Bagdad ist mit seiner Wanderung ins Extreme allerdings kein Einzelfall. Gemäss der ETH-Studie werden in jeder fünften Stadt der Welt bis Mitte des Jahrhunderts klimatische Bedingungen vorherrschen, wie sie derzeit in keiner anderen Gross- oder Hauptstadt vorzufinden sind. Der Klima­wandel führt diese Städte, von denen viele in den Tropen liegen, also auf ganz neues Terrain. Damit verbunden sind enorme infrastrukturelle Herausforderungen: bei der Gebäude­kühlung, bei der Stadt­belüftung, beim Wassermanagement.

«Die Städte der Welt werden generell heisser, besonders im Hochsommer und im Winter», fasst Jean-François Bastin seine Auswertungen zusammen. «Die Regen­zeiten werden nasser und die Trocken­zeiten trockener.»

Was das im Detail bedeutet, können Sie zum Schluss selbst herausfinden. Für Paris, Las Vegas, Tokio und neun weitere Städte zeigt die folgende interaktive Tabelle, welcher Städtetrip den dortigen Einwohnern in den kommenden gut dreissig Jahren bevorsteht – als Folge des Klimawandels.

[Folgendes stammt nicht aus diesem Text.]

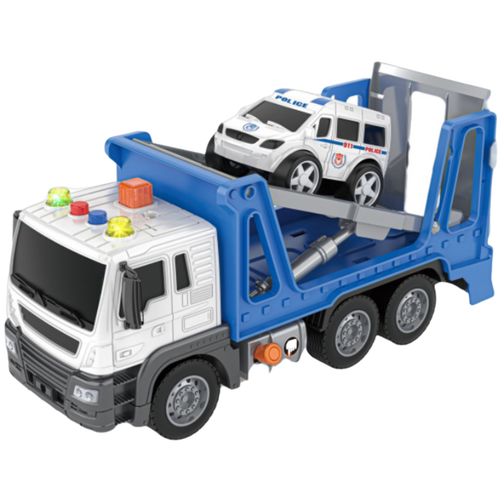 Interaktywna Ciężarówka Z Hakiem I Lawetą Światła Dźwięki Ruchome Elementy na Arena.pl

Wählen Sie eine Stadt an, um die dortige Entwicklung anzuzeigen.

Die Untersuchung

Die besprochene Studie wurde am Crowther Lab der ETH Zürich erstellt, unter der Mitwirkung von 15 Autorinnen. In die Untersuchung wurden insgesamt 520 Haupt- und Millionen­städte mit einbezogen. Für diese Städte wurde die Entwicklung des Klimas anhand von jeweils 19 Temperatur- und Niederschlags­variablen ermittelt.

Vier Variablengruppen («Achsen») erwiesen sich als entscheidend, um die Variation zwischen den Städten herauszustreichen: die Temperatur­saisonalität, die sommerliche Maximal­temperatur, die Niederschlags­saisonalität sowie die Temperatur­spanne innerhalb eines Tages. Anhand dieser vier Achsen wurde berechnet, wie ähnlich das künftige Klima einer bestimmen Stadt dem aktuellen Klima einer anderen Stadt ist. Die so berechnete Ähnlichkeit zwischen zwei Städten lässt sich als Distanz in einem vierdimensionalen Raum auffassen.

Den Prognosen zugrunde liegt das Klima­szenario RCP 4.5. Dabei handelt es sich um ein mittelschweres Erwärmungsszenario, bei dem die jährlichen CO2-Emissionen der Welt bis Mitte des Jahrhunderts wachsen und sich danach auf einem Niveau von knapp 5 Gigatonnen pro Jahr stabilisieren. Die Erdtemperatur nimmt in diesem Szenario bis 2100 um 2,6 Grad gegenüber der vorindustriellen Zeit zu. Ziel des Pariser Abkommens ist eine Erwärmung von deutlich unter 2 Grad.